Award winning team

A partnership based at Plymouth University that works to promote and improve local railway branch lines is celebrating winning a number of recent awards.
The Devon and Cornwall Rail Partnership, based in the University’s School of Geography, Earth and Environmental Science on the main Plymouth campus, won three top prizes and shared in a fourth at recent awards ceremonies.
A campaign promoting Looe and travelling to it by train - Love Looe - won Best Marketing Campaign at the National Community Rail awards held in Scarborough.
Run in partnership with Looe Tourist Information Centre, Visit Cornwall, Looe Town Council and the South East Cornwall Tourism Association, the campaign involved a big programme of media advertising, leaflets, branding and social media. 
It led to 2013 being the scenic Looe Valley Line’s busiest year for many years, with 118,122 journeys made on the line, up by just over 10,000 on 2012. 
A one-stop shop website for the Riviera Line, which links Exeter, Newton Abbot and Paignton, won the Innovation in Community Rail award. The website was set up as part of the Citizens’ Rail project, an EU Interreg project with local partners Devon County Council, Torbay Council and First Great Western. The project is led by the Rail Partnership and University.
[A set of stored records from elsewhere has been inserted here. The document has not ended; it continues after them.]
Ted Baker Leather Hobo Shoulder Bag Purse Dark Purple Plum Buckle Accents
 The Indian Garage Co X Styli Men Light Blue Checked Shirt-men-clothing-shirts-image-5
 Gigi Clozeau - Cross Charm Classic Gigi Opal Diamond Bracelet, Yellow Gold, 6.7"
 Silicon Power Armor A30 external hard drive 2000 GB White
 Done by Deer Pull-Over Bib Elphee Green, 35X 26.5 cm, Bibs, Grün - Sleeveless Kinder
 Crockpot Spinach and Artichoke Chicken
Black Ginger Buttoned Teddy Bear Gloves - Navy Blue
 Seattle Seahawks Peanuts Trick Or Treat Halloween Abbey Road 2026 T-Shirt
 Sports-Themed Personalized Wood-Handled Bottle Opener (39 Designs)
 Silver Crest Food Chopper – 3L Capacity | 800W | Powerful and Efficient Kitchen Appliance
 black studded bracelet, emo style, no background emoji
The website aims to make it easy for people to find out anything they need to know about travelling by train from one of the Riviera Line’s stations and links to all manner of information held elsewhere on the internet, but perhaps tucked away.
It’s fully responsive, so works well on all electronic media and was built by Mike Parker-Bray, the Citizens’ Rail Communication Officer, based with the Partnership. It also won Most Interesting Community Engagement Activity at the Rail Exec Club’s Most Interesting awards held in Leicester.
In addition, the Partnership shared in the Outstanding Teamwork first prize at the Scarborough awards with Network Rail, First Great Western, Dawlish Town Council and Friends of Dawlish Station for rebuilding Dawlish station. The Partnership’s role was to encourage greater community involvement at the station. This included recruiting new members of the station Friends, organising planting sessions, with assistance and plants from local TV gardener Toby Buckland, and a lot of work with the Friends to help with the reopening events in April.
Partnership Manager, Richard Burningham said:
“I am delighted our projects have done so well. They represent a lot of hard work by a lot of people and wouldn’t have been possible without the involvement and support of our partners. Many thanks to them.”
Dan Okey, Regional Development Manager, West, for First Great Western said:
“First Great Western is proud of the communities we serve. Community Rail Partnerships have proved a great success story for the railway, which is evident in the fantastic growth in the number of rail journeys we have seen in recent years; 5 of the Country's top 10 fastest growing community rail lines are in Devon and Cornwall. The Devon and Cornwall Rail Partnership has continued its innovative work, supported by First Great Western, and can be very proud of its achievements.”
The Partnership is a non-profit partnership between local authorities, including Cornwall Council, Devon County Council and Plymouth City Council, First Great Western and the University. Since 1991, it has promoted and sought improvements to services and facilities on the branch lines of the two counties, including the Tamar Valley Line between Plymouth and Gunnislake and the Looe Valley Line between Liskeard and Looe.